= Ventura Community School District =

Defunct school district in Iowa, United States

Ventura Community School District (VCSD) was a school district headquartered in Ventura, Iowa.

The district served portions of Cerro Gordo and Hancock counties. It covered a portion of Clear Lake.

==History==
School No. 3 was established in unincorporated Cerro Gordo County in 1870, but was later moved to Ventura after a successful but controversial referendum. The permanent Ventura Consolidated School was built in 1918; consolidation of the school districts meant that more students were assigned to the school. A Works Progress Administration (WPA) limestone gymnasium was built after the district paid for its construction in 1937; it was built beginning on June 20, 1939, with completion on July 27, 1940. The existing school was renamed as the Ventura Community School on July 1, 1954, and it received a north-end addition in 1957. A new elementary school was built after a $240,000 bond referendum passed on April 4, 1956, and it was dedicated on September 30, 1957.

The Ventura and Clear Lake districts began having joint specialty high school classes in fall 1963.

For a period the district shared specialized classes with the Garner–Hayfield Community School District. Beginning in 2012 the two districts began a whole grade-sharing program in which students from one district attended school in the other district, with high school students at Garner and with middle school students at Ventura.

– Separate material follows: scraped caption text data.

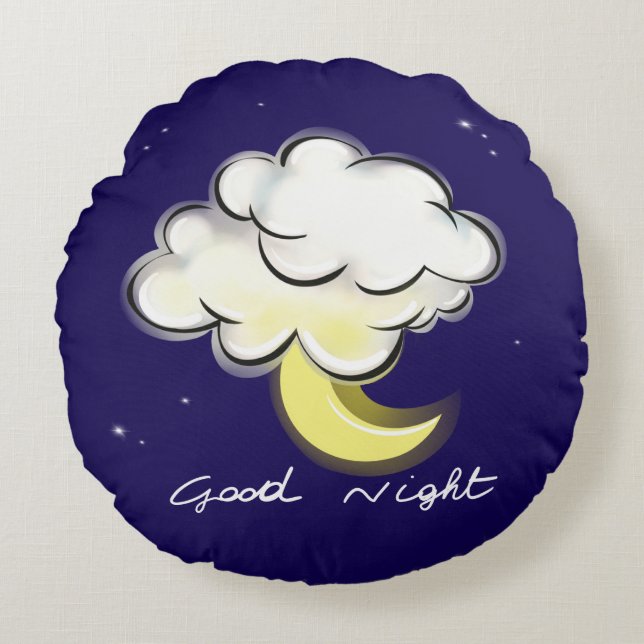 God natt – söta månen och moln barn  rund kudde (Framsidan)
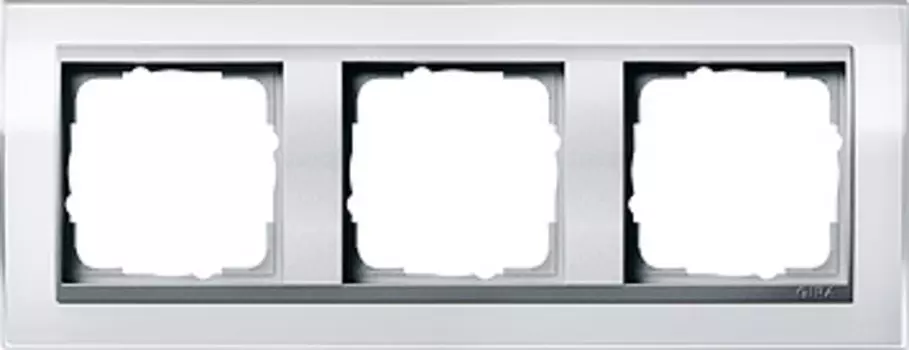 0213726 Рамка Event Clear Белый / Алюминий 3-постовая Gira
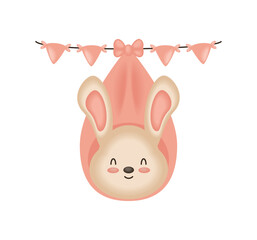 Sticker - baby shower cute rabbit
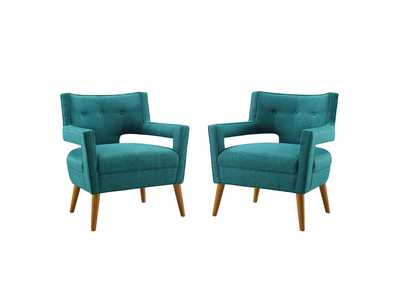 Image for Teal Sheer Upholstered Fabric Arm Chair [Set of 2]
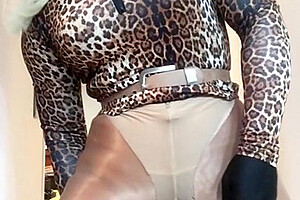 Sloan Shows Her Cock & Balls (trans Female Mask Fetish Crossdress Transform Masturbation)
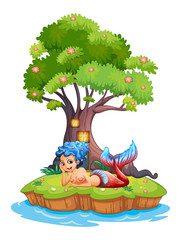 A mermaid near the treehouse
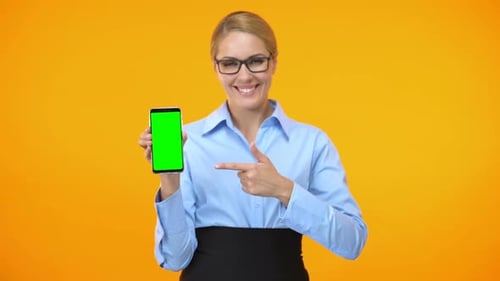 Business Female Pointing Finger Green Screen Smartphone, Online Conference App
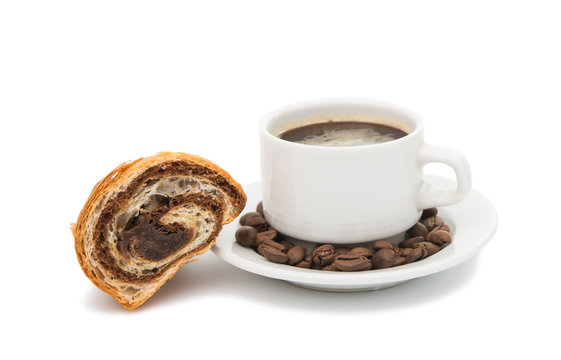 chocolate croissant with coffee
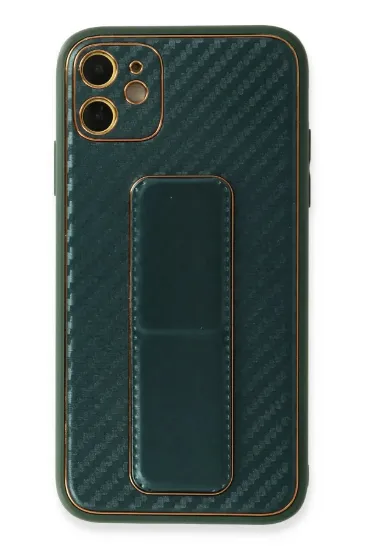 Newface iPhone 12 Kılıf Coco Karbon Standlı Kapak - Yeşil resmi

The election to determine whether the districts would merge was held on September 9, 2014, with 602–22 in Garner–Hayfield and 351–51 counts in Ventura favoring the merger. Approval required each district to have over half of its constituents to vote in favor. They merged into the new Garner–Hayfield–Ventura Community School District on July 1, 2015.

==Schools==
It previously operated Ventura Elementary and Ventura Jr.-Sr. High School.